Once the line holding "Confirm the passcode" is found in the listing below, write it out and each later line exactly, up to and including the one holding "Chemise satinée avec boutons étoile de mer".

» Supplied records:
⟨

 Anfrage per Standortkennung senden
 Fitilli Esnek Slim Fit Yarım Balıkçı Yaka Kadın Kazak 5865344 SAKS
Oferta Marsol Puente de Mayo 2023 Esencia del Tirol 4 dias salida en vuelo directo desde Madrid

⟩
⟨

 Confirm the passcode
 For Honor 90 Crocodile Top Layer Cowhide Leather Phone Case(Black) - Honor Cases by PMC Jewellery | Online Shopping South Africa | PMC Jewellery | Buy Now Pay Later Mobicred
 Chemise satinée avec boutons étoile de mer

⟩
⟨

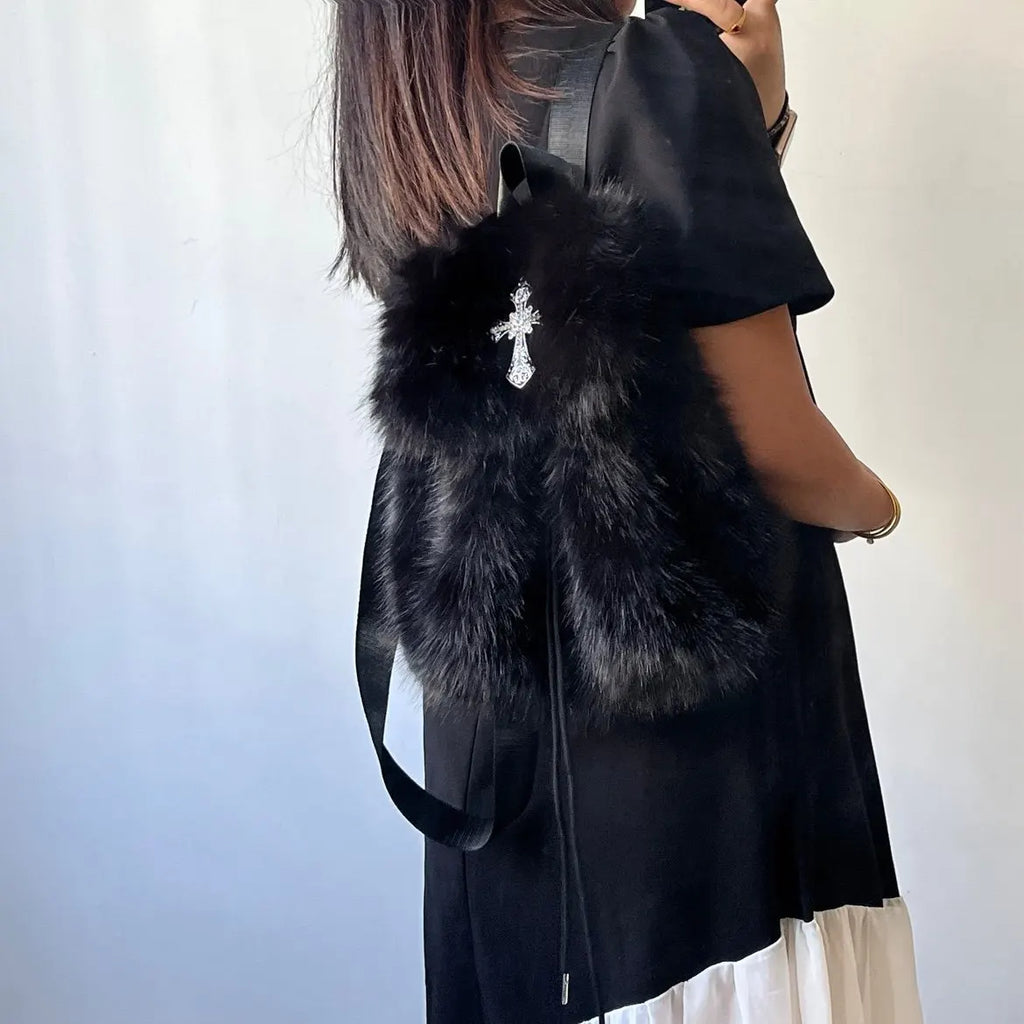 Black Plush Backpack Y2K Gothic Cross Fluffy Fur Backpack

⟩

» Exercise solution:
 Confirm the passcode
 For Honor 90 Crocodile Top Layer Cowhide Leather Phone Case(Black) - Honor Cases by PMC Jewellery | Online Shopping South Africa | PMC Jewellery | Buy Now Pay Later Mobicred
 Chemise satinée avec boutons étoile de mer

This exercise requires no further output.